Ok, haven't added tests yet, but I think this is all that's needed. @ericphanson, would you mind checking your use-case? If you're so inclined, provide a test I can add to my PR?

https://github.com/JuliaData/Arrow.jl/pull/182

ericphanson commented 3 years ago

Thanks! I can confirm with Arrow#main my original use-case works as does the Onda.Samples one. I think the MWE from my original post could serve as a test-case too, although it looks like you added one to the PR already. Let me know if you'd like any others and I can try to make one.

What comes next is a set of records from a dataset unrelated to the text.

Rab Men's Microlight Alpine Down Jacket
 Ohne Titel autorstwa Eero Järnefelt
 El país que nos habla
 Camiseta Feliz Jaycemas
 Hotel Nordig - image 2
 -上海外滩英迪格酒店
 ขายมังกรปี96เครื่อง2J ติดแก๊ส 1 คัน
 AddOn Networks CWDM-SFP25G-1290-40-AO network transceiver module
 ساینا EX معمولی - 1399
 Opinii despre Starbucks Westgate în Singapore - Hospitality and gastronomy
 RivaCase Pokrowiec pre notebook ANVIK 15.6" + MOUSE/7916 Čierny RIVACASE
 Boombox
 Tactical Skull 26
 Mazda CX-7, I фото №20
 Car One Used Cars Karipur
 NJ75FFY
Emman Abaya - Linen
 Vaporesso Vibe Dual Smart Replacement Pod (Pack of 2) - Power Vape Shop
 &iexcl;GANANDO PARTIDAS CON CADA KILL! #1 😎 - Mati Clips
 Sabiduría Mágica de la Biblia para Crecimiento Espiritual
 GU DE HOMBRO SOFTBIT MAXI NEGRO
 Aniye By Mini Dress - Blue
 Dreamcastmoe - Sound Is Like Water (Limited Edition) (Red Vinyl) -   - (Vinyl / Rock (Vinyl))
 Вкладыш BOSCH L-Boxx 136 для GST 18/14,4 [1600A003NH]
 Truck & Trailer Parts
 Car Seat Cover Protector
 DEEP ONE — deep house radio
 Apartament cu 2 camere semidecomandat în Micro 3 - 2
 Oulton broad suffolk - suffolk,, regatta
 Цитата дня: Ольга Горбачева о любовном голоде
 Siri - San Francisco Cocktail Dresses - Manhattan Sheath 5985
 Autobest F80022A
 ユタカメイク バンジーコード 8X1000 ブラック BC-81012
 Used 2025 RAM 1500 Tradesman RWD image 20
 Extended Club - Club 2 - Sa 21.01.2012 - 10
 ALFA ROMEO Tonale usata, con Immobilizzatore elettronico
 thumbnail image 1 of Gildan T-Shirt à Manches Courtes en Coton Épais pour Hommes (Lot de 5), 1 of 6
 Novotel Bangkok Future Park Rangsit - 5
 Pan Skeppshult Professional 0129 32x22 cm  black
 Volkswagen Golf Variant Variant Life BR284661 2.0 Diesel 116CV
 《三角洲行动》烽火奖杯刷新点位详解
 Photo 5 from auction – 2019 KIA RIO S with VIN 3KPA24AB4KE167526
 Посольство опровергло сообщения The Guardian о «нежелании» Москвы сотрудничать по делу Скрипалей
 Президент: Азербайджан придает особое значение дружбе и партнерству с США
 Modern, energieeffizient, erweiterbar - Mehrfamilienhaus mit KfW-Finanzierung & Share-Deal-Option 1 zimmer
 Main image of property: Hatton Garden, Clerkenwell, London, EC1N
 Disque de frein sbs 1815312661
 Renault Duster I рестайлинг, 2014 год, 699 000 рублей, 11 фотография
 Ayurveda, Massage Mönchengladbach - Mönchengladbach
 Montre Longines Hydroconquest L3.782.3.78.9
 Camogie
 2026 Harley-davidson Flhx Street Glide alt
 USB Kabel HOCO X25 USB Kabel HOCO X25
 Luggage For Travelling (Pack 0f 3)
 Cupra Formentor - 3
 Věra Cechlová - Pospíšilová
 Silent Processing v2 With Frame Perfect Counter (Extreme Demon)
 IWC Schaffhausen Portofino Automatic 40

ericphanson commented 3 years ago

I was trying to come up with a MWE for #199 and came across

julia> col = [(; b=1), missing]
2-element Vector{Union{Missing, NamedTuple{(:b,), Tuple{Int64}}}}:
 (b = 1,)
 missing

julia> table = [(;a = col)]
1-element Vector{NamedTuple{(:a,), Tuple{Vector{Union{Missing, NamedTuple{(:b,), Tuple{Int64}}}}}}}:
 (a = [(b = 1,), missing],)

julia> Tables.rowtable(Arrow.Table(Arrow.tobuffer(table)))
ERROR: TypeError: in new, expected Vector{Union{Missing, NamedTuple{(:b,), Tuple{Int64}}}}, got a value of type SubArray{Union{Missing, NamedTuple{(:b,), Tuple{Int64}}}, 1, Arrow.Struct{Union{Missing, NamedTuple{(:b,), Tuple{Int64}}}, Tuple{Arrow.Primitive{Int64, Vector{Int64}}}}, Tuple{UnitRange{Int64}}, true}
Stacktrace:
 [1] macro expansion
   @ ~/.julia/packages/Tables/uYJXY/src/namedtuples.jl:46 [inlined]
 [2] _iterate(rows::Tables.NamedTupleIterator{Tables.Schema{(:a,), Tuple{Vector{Union{Missing, NamedTuple{(:b,), Tuple{Int64}}}}}}, Tables.RowIterator{Tables.CopiedColumns{Arrow.Table}}}, st::Tuple{})
   @ Tables ~/.julia/packages/Tables/uYJXY/src/namedtuples.jl:37
 [3] iterate
   @ ~/.julia/packages/Tables/uYJXY/src/namedtuples.jl:58 [inlined]
 [4] iterate
   @ ~/.julia/packages/Tables/uYJXY/src/namedtuples.jl:57 [inlined]
 [5] copyto!(dest::Vector{NamedTuple{(:a,), Tuple{Vector{Union{Missing, NamedTuple{(:b,), Tuple{Int64}}}}}}}, src::Tables.NamedTupleIterator{Tables.Schema{(:a,), Tuple{Vector{Union{Missing, NamedTuple{(:b,), Tuple{Int64}}}}}}, Tables.RowIterator{Tables.CopiedColumns{Arrow.Table}}})
   @ Base ./abstractarray.jl:843
 [6] _collect
   @ ./array.jl:608 [inlined]
 [7] collect(itr::Tables.NamedTupleIterator{Tables.Schema{(:a,), Tuple{Vector{Union{Missing, NamedTuple{(:b,), Tuple{Int64}}}}}}, Tables.RowIterator{Tables.CopiedColumns{Arrow.Table}}})
   @ Base ./array.jl:602
 [8] rowtable(itr::Arrow.Table)
   @ Tables ~/.julia/packages/Tables/uYJXY/src/namedtuples.jl:99
 [9] top-level scope
   @ REPL[41]:1

Here, I didn't mean to do table = [(; a= col)] and had meant to do just table = (; a = col) (which does work). However, I think the version that errors here should still work?

I thought it kind of looked like this issue again.